EXERCISE OBJECTIVE: Carry none of the pictures over; write out the complete data exactly.

PROVIDED DATA:
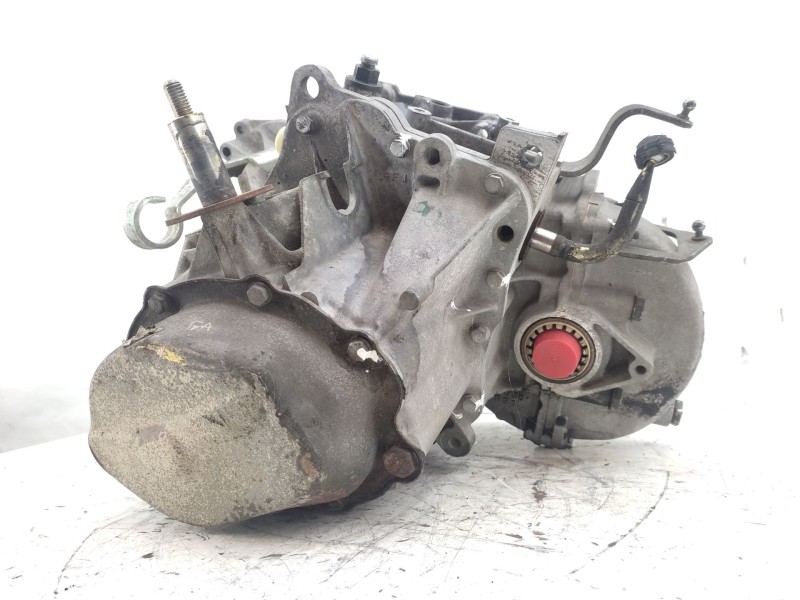 Caja Cambios 20cl77  - Peugeot 306 (7b, N3, N5) 1.9 Std 6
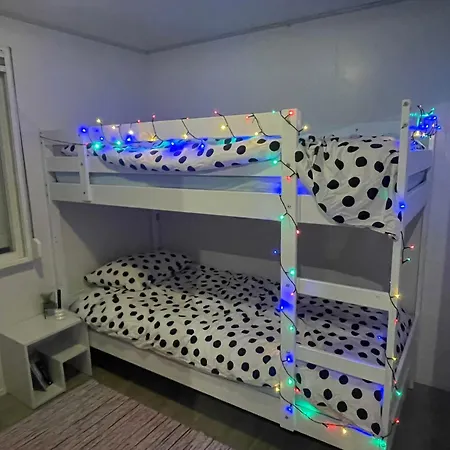 Horská chata In Natuurlijke Omgeving *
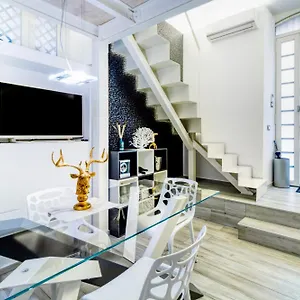 Appartement Stesicoro Exclusive House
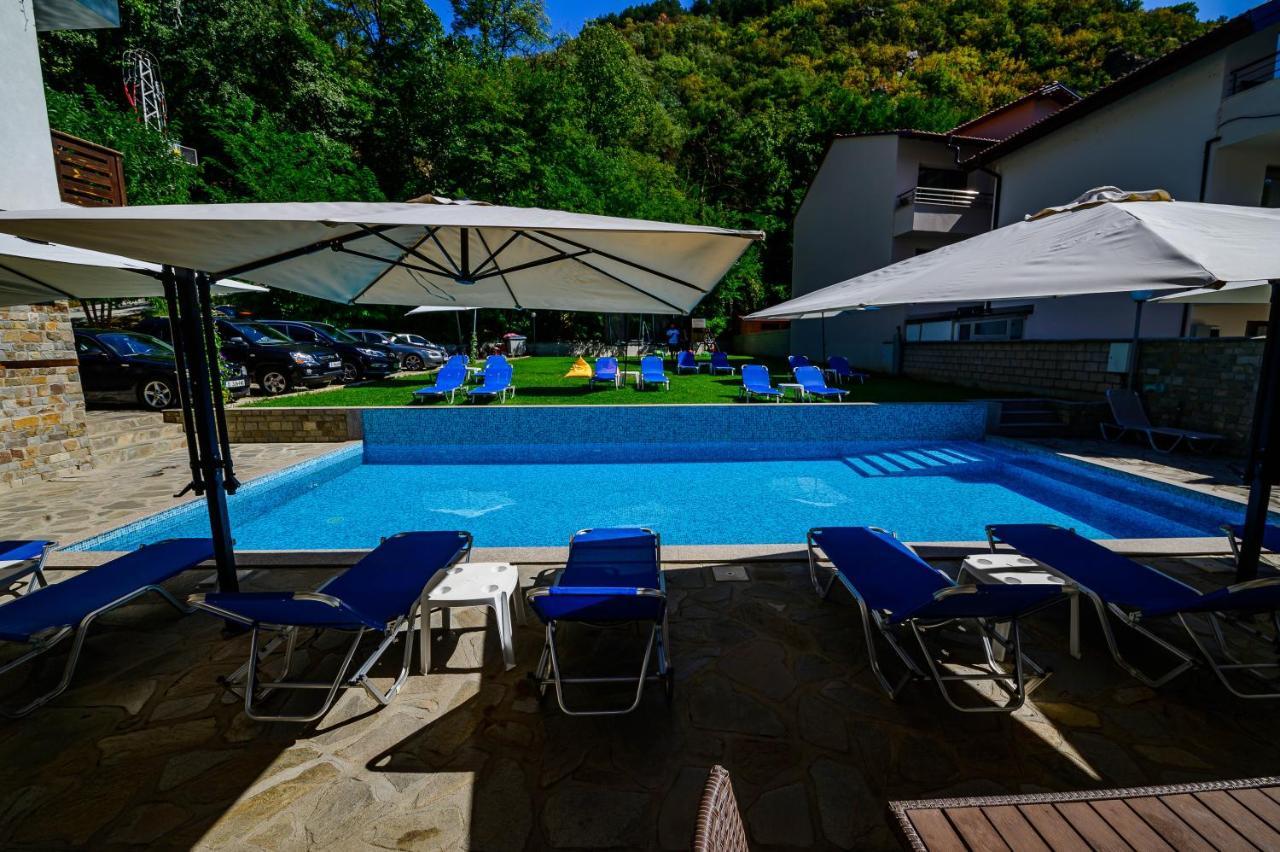 Relax Houses Ognyanovo (Blagoevgrad) Exterior foto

EXPECTED ANSWER:
 Caja Cambios 20cl77  - Peugeot 306 (7b, N3, N5) 1.9 Std 6
 Horská chata In Natuurlijke Omgeving *
 Appartement Stesicoro Exclusive House
 Relax Houses Ognyanovo (Blagoevgrad) Exterior foto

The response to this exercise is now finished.